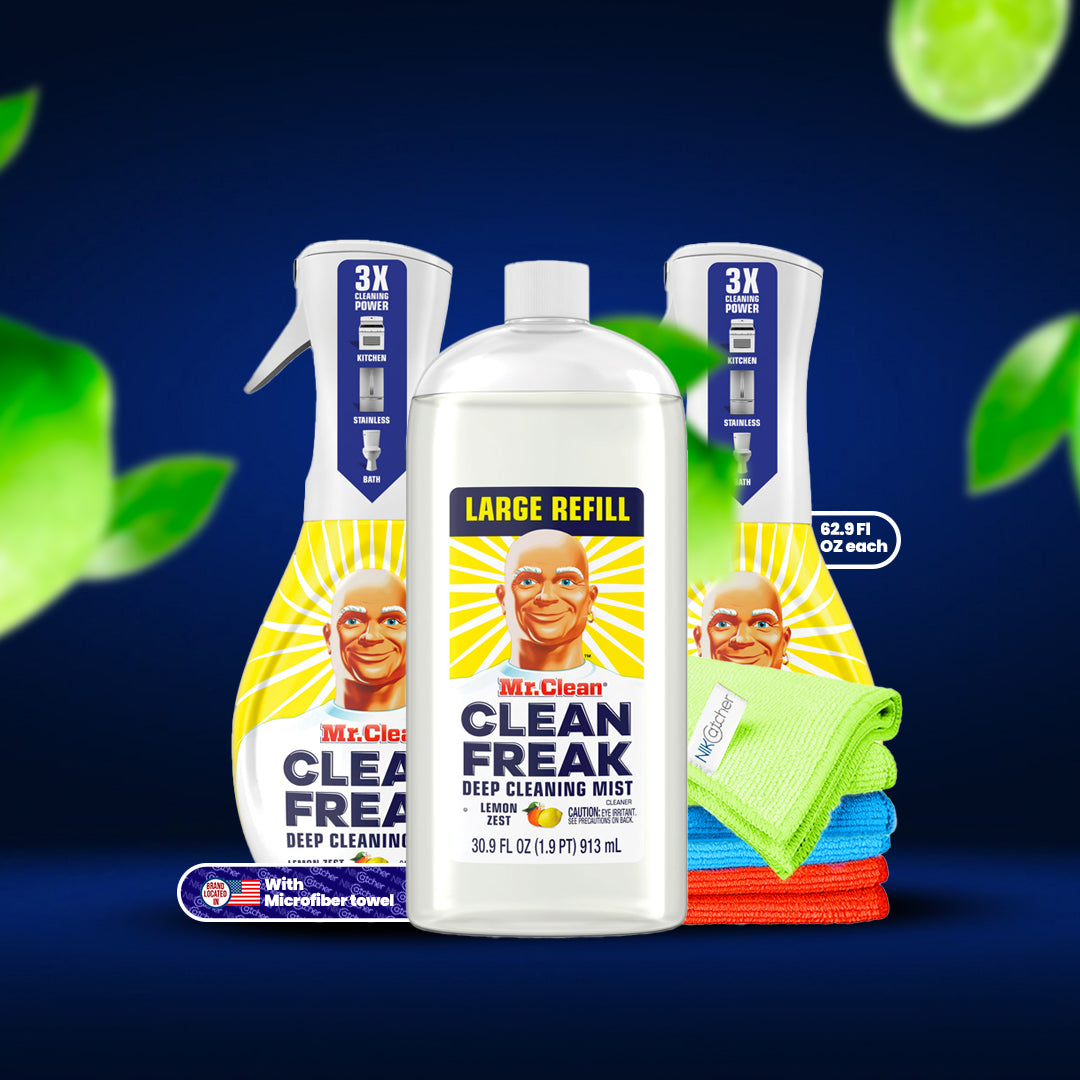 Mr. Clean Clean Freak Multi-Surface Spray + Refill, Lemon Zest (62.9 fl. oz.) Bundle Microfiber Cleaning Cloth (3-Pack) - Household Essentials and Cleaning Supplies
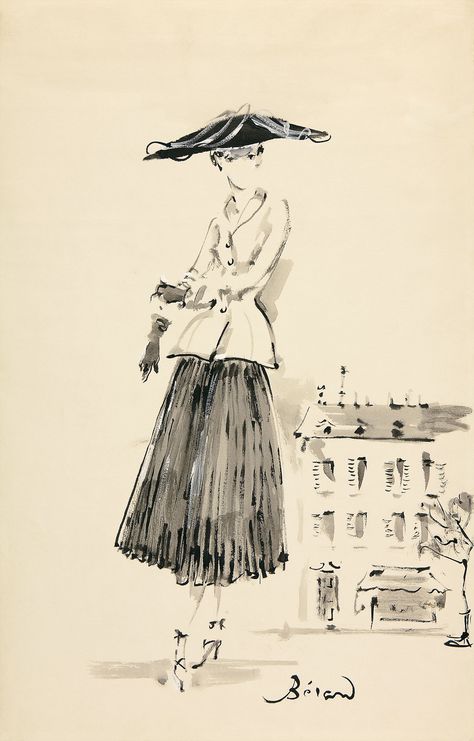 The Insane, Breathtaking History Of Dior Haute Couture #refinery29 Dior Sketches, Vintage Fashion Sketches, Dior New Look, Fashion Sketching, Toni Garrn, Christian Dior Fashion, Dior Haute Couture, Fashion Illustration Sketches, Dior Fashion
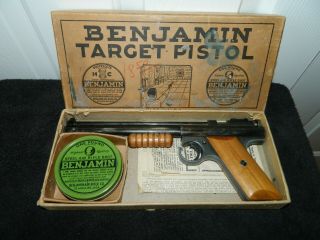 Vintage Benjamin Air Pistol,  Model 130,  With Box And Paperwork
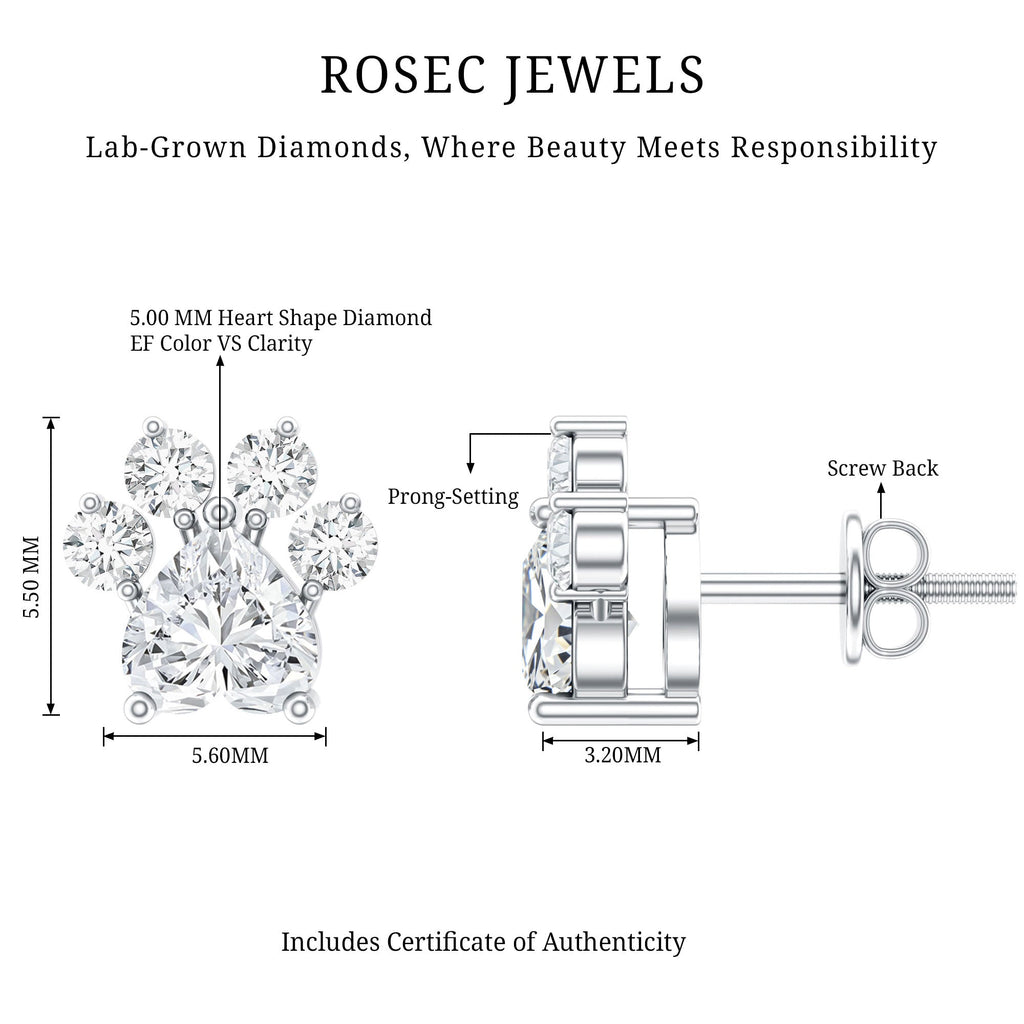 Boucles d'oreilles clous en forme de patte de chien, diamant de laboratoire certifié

......

Exercise goal. Set down the material above exactly as written, but not the pictures.

Exercise result.
 Mr. Clean Clean Freak Multi-Surface Spray + Refill, Lemon Zest (62.9 fl. oz.) Bundle Microfiber Cleaning Cloth (3-Pack) - Household Essentials and Cleaning Supplies
 The Insane, Breathtaking History Of Dior Haute Couture #refinery29 Dior Sketches, Vintage Fashion Sketches, Dior New Look, Fashion Sketching, Toni Garrn, Christian Dior Fashion, Dior Haute Couture, Fashion Illustration Sketches, Dior Fashion
 Vintage Benjamin Air Pistol,  Model 130,  With Box And Paperwork
 Boucles d'oreilles clous en forme de patte de chien, diamant de laboratoire certifié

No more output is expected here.